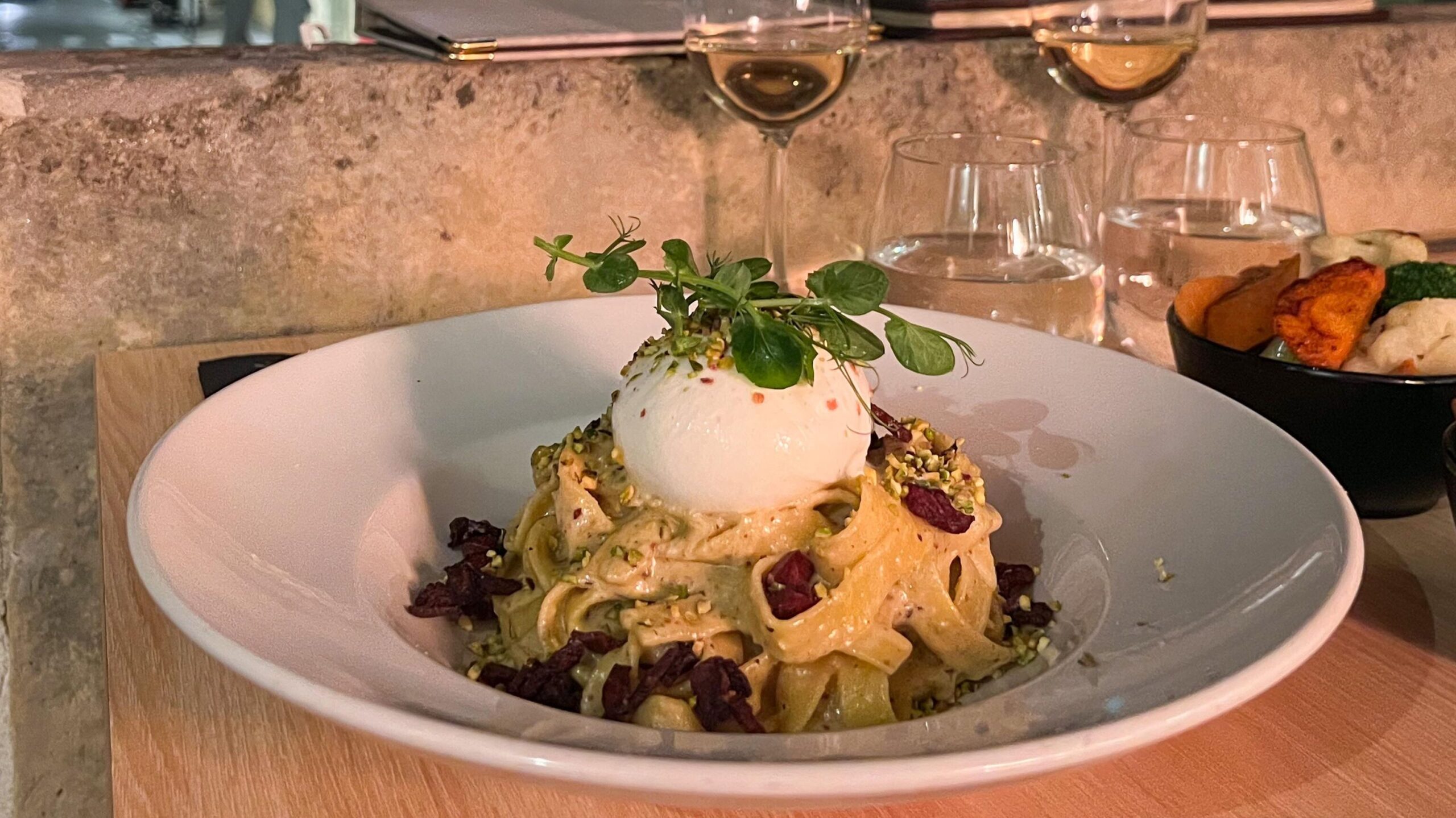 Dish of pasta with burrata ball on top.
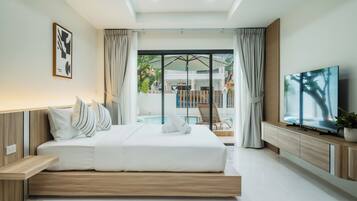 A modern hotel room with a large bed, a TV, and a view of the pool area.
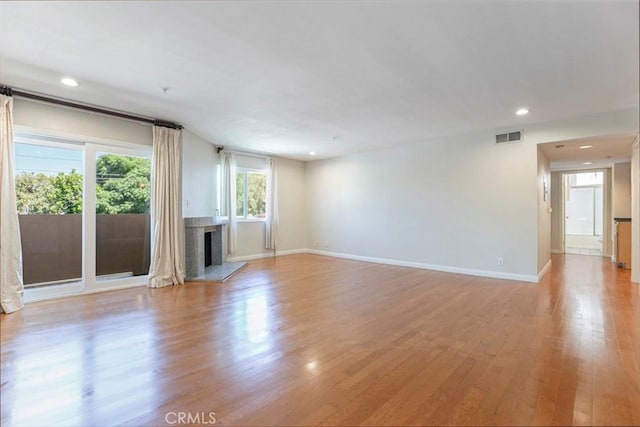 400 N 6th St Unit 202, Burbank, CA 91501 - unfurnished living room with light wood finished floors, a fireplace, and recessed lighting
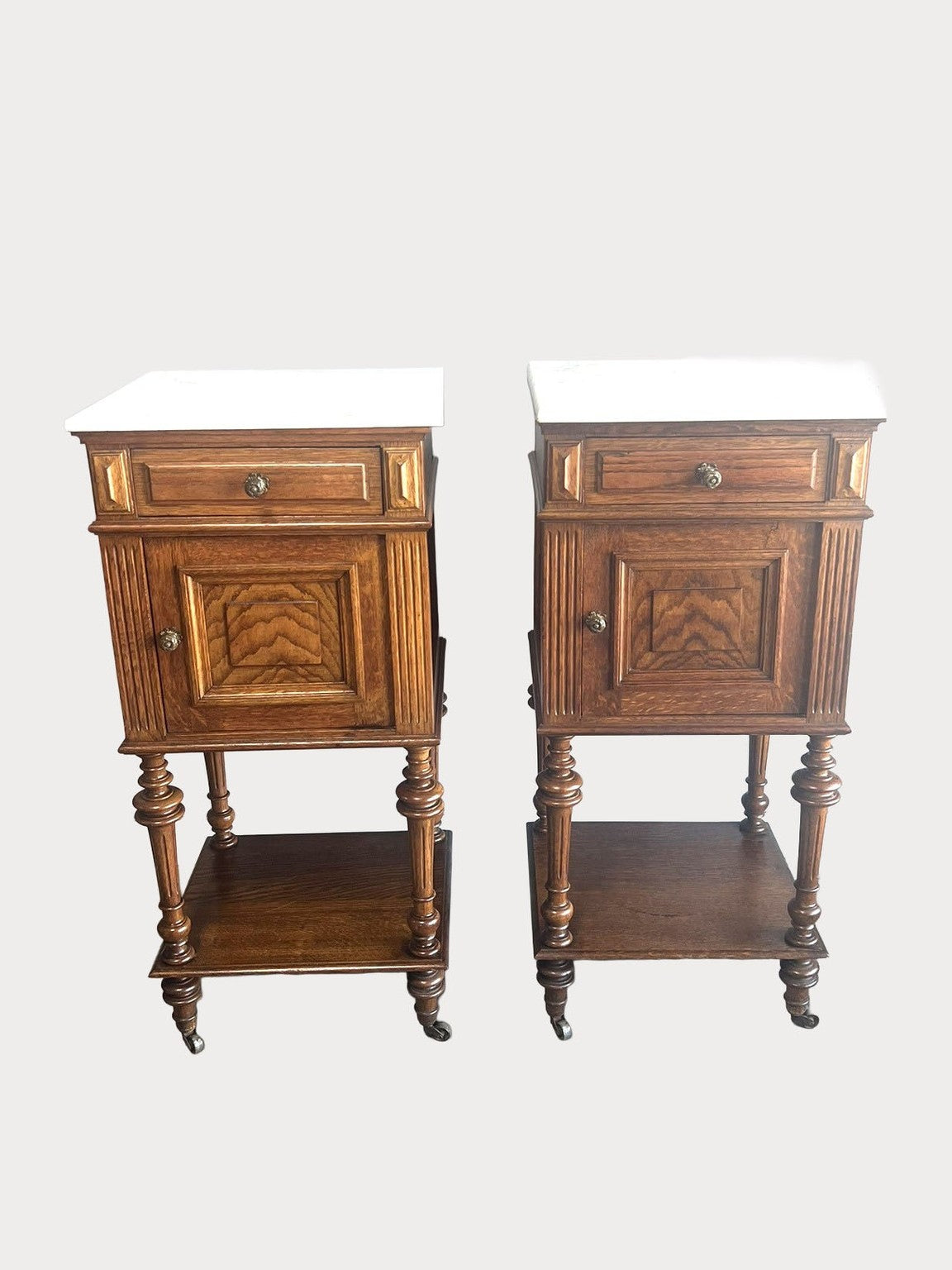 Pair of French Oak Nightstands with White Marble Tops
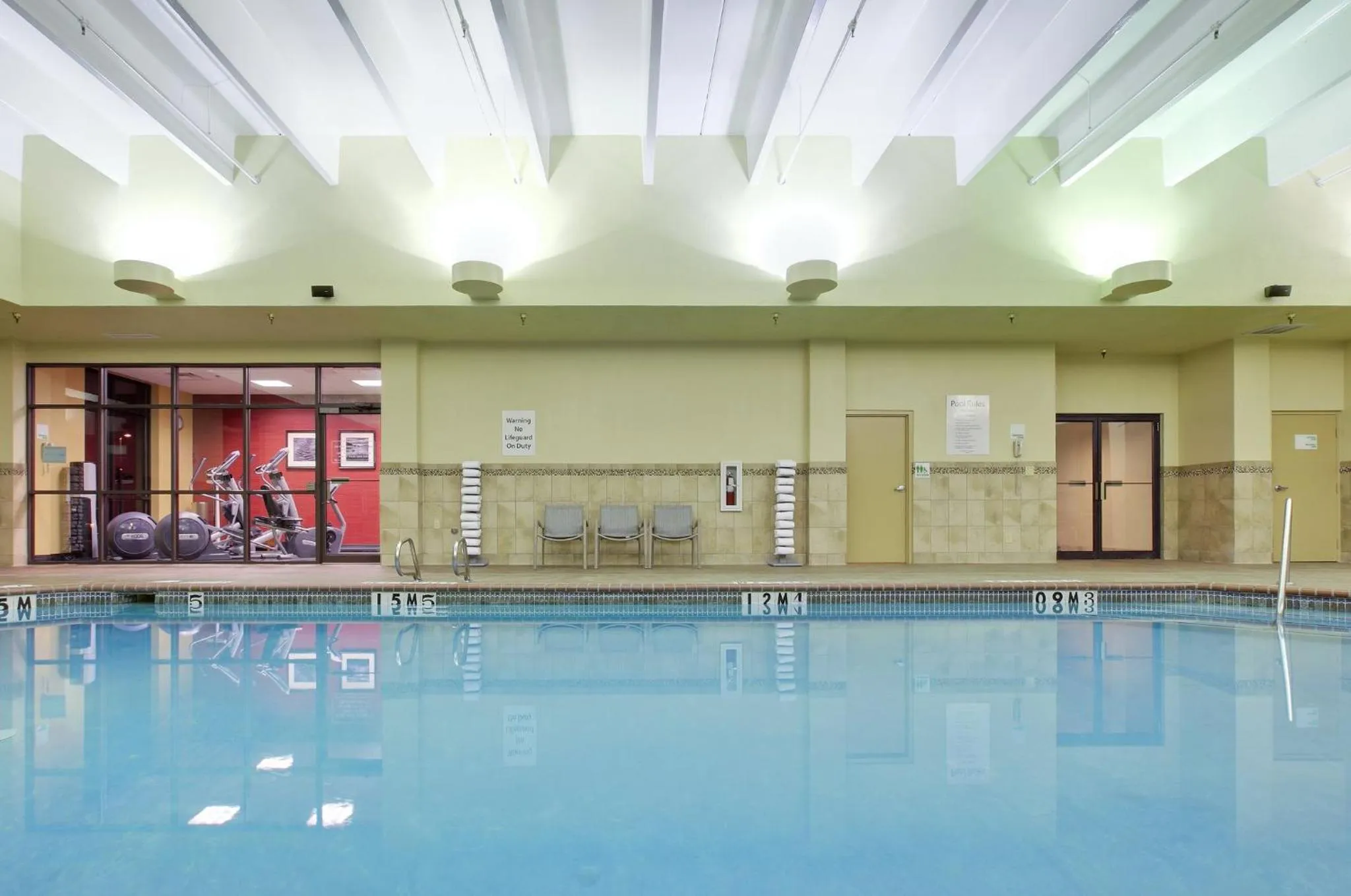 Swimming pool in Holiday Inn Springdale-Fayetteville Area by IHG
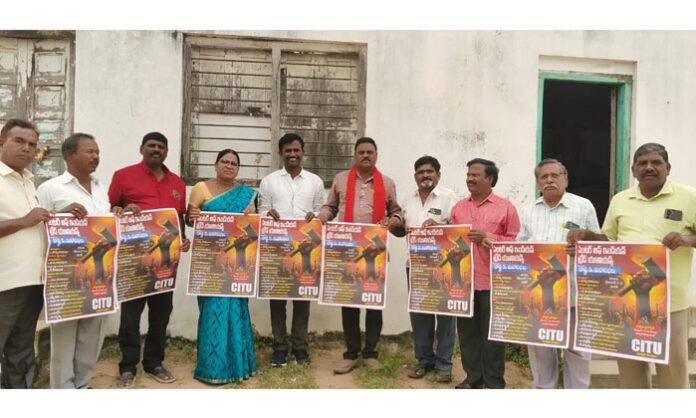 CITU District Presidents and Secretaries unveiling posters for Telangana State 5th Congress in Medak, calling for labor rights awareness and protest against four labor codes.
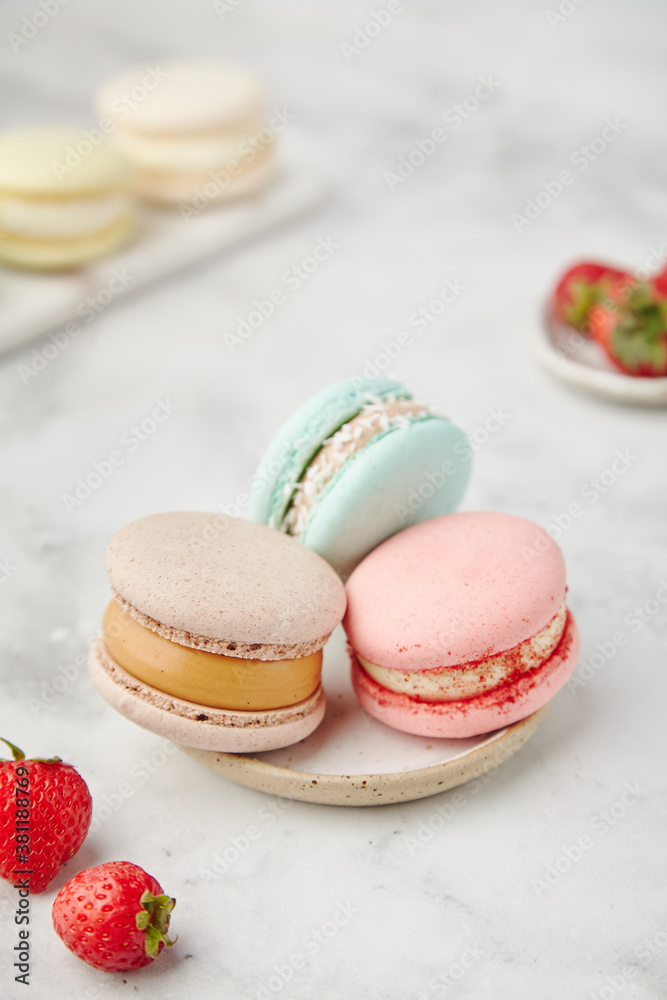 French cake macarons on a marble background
-.-.-
**Task details**
Quote the data above in full, leaving out the pictures it holds.

**Response to the exercise**
 Dish of pasta with burrata ball on top.
 A modern hotel room with a large bed, a TV, and a view of the pool area.
 400 N 6th St Unit 202, Burbank, CA 91501 - unfurnished living room with light wood finished floors, a fireplace, and recessed lighting
 Pair of French Oak Nightstands with White Marble Tops
 Swimming pool in Holiday Inn Springdale-Fayetteville Area by IHG
 CITU District Presidents and Secretaries unveiling posters for Telangana State 5th Congress in Medak, calling for labor rights awareness and protest against four labor codes.
 French cake macarons on a marble background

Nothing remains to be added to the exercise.